O documento do Sínodo é de fácil leitura, não tem nada de rebuscado. Algumas passagens lembram a grande linguagem que a Igreja latino-americana usou no final da década de 1960 e no início da década de 1970 em documentos eclesiásticos em face do "clamor dos pobres". Sob Francisco, isso não é politicamente de esquerda ou de direita, mas simplesmente uma expressão de proximidade com o ser humano, sua Teologia do Povo.
Seu olhar se direciona ao ser humano, não simplesmente – como é típico da Igreja – a como o ser humano deveria ser.
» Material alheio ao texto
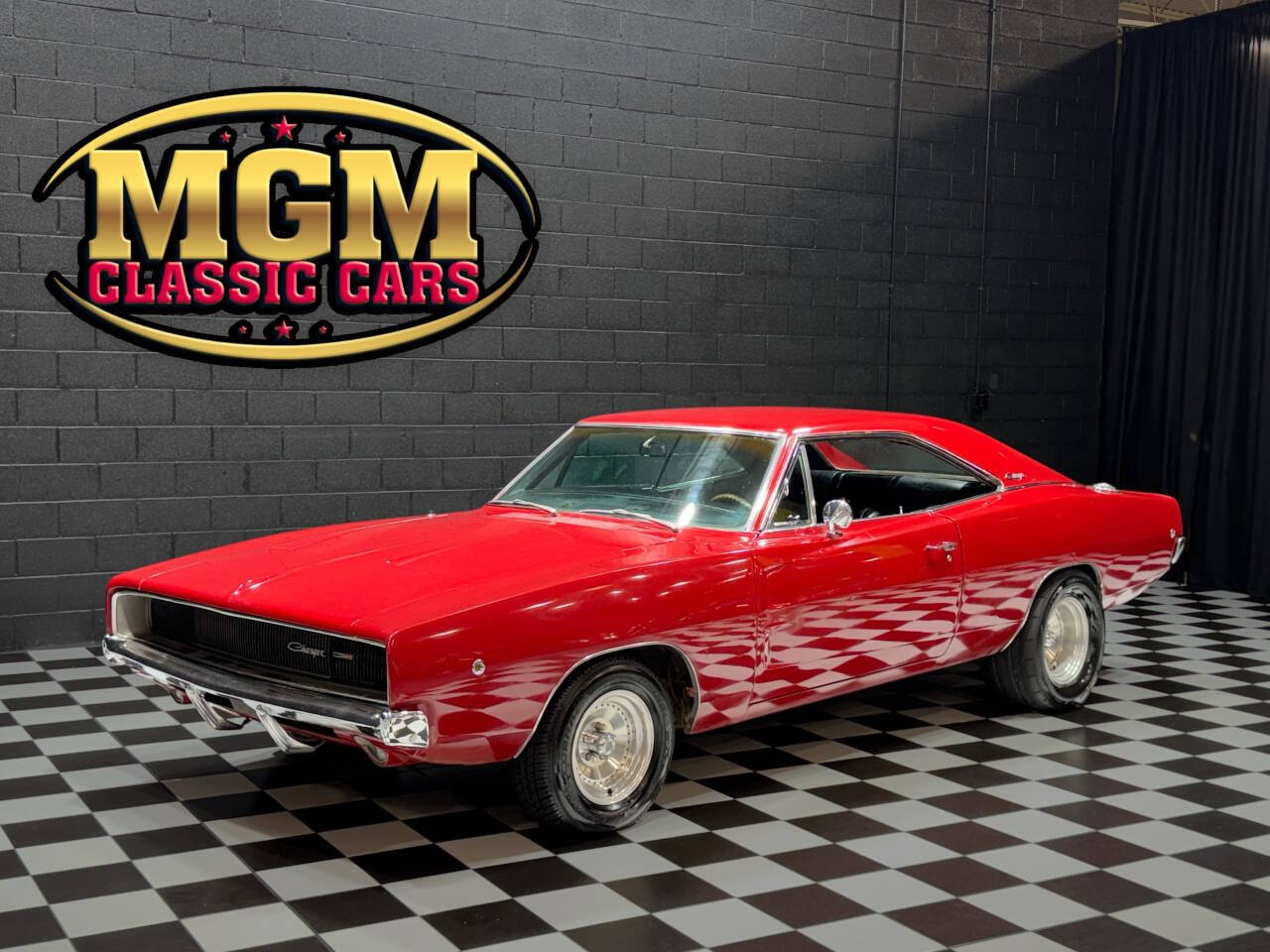 1968 Dodge Charger 2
E para Francisco, a Amazônia e a arbitrariedade da exploração cruel e a destruição da criação afetam todos os católicos, todos os seres humanos em todo o mundo. O mesmo se aplica a situações semelhantes no Congo ou na região do rio Ganges, abordadas no auditório do Sínodo. "Sabemos que enfrentamos uma crise socioeconômica sem precedentes à qual precisamos reagir. Precisamos uma conversão ecológica para responder de maneira apropriada."
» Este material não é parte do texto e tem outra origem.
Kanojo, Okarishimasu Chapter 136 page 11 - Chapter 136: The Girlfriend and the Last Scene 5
A América Latina ainda é o principal continente católico. Ali vivem quase a metade de todas as pessoas de fé católica do mundo, o Brasil é o maior país católico do mundo. É por isso que esta região, que se encontra distante dos europeus, está no centro das perspectivas eclesiásticas. E se ali a conversão ecológica é necessária, se ali se afrouxam as regras do celibato ou – isso também obedece ao Sínodo – se discutem papéis de liderança feminina na Igreja: cada tópico ali discutido ocupará sempre a Igreja Católica como um todo.
Tudo isso acontece com fortes ventos contrários. Certa parcela de fiéis considera esse papa e seu sistema como hereges, como tendo se afastado da verdadeira fé. Basicamente, esse meio lhe declarou guerra.
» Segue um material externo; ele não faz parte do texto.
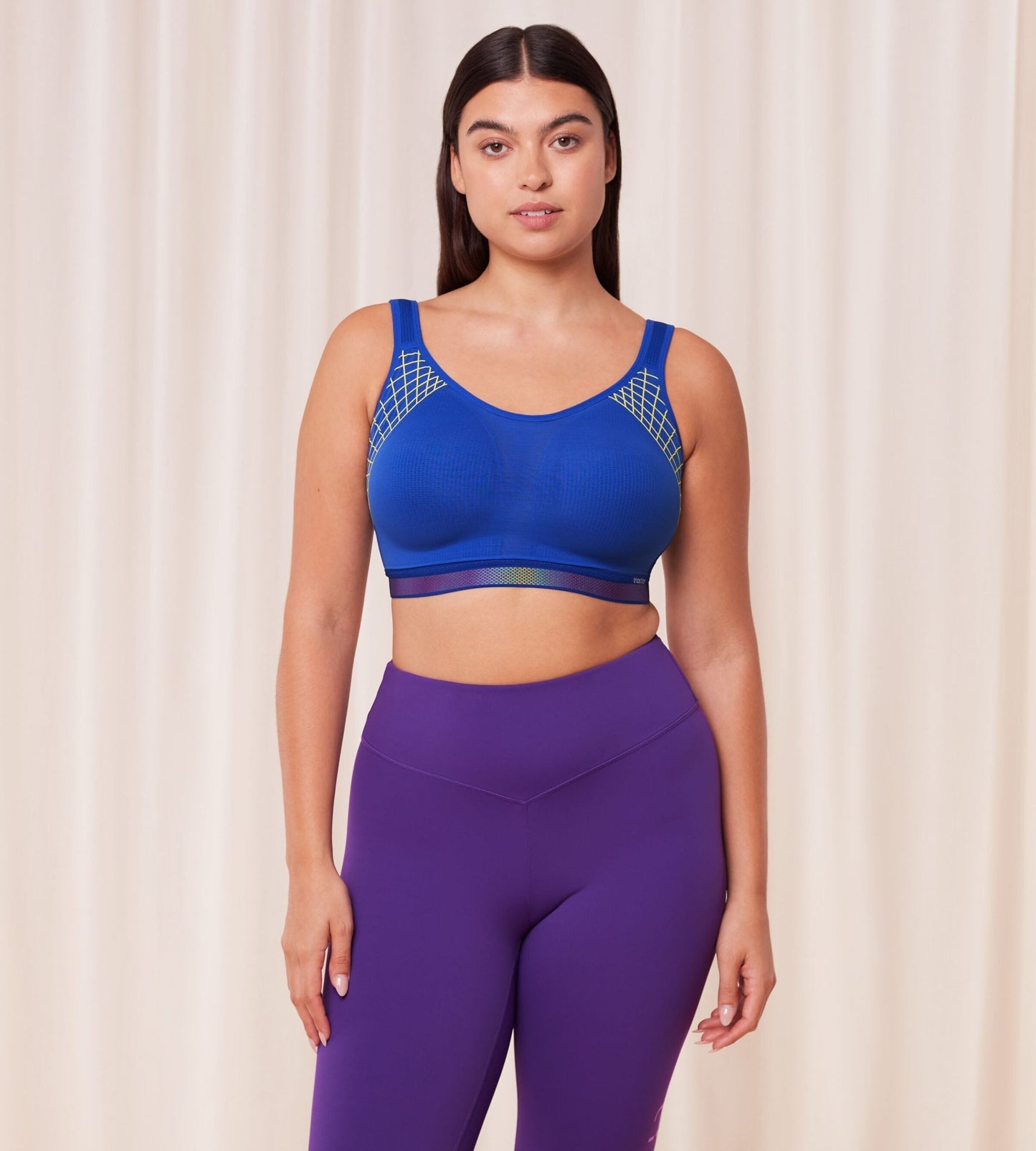 Triaction Cardio Cloud Sports Minimiser Bra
Horas antes de os padres sinodais terem se reunido no Vaticano para a votação final, o cardeal Gerhard Ludwig Müller, da Cúria Alemã, foi celebrado em Washington. O religioso de 71 anos, que deixou o cargo de Prefeito da Congregação da Fé por ordem de Francisco, agora tem tempo. "O cardeal Müller é o Donald Trump da Igreja Católica", disse a anfitriã, princesa Gloria von Thurn and Taxis, diante de uma grande plateia na capital americana. E Müller proferiu ali muitas palavras críticas contra Francisco. Pois o catolicismo americano não combina com esse papa do Hemisfério Sul.
Claro, esta é uma peça cômica: Gloria, que depois de uma juventude de escândalos se transformou com a idade numa senhora elegante, e seu ex-bispo de Regensburg, Müller. Mas isso não é tudo. Esta é a convicção de que a Igreja Católica precisaria, em sua liderança, de um homem como Donald Trump. O fenômeno Trump é o oposto de Francisco, de sua paixão pelo "clamor da terra, pelo clamor dos pobres".
As imagens midiáticas que acompanharam o Sínodo foram principalmente fotografias de povos indígenas, que recebiam os bispos a caminho da sala sinodal. Ali estavam simplesmente pessoas do Brasil ou Peru, calorosas, cantando e dançando, às vezes folclóricas. Talvez essa imagem tenha sido idílica demais. A algumas quadras de distância, uma exposição lembrava centenas de vítimas da exploração selvagem na Amazônia nas últimas décadas.
Mártires, sacerdotes assassinados, freiras mortas a tiros, mas acima de tudo pessoas simples e desconhecidas que se encontravam no caminho de garimpeiros ou corporações. Muitas das conexões econômicas levam aos EUA. Assim não é de surpreender que seja daí que venha a maior parte das críticas ao Sínodo para a Amazônia, também na mídia. Este papa e seu amor pelo semblante da Amazônia são perturbadores, assim como sua vontade de tornar a Igreja mais sensível ao sofrimento. Ele sentirá isso ainda mais fortemente no futuro.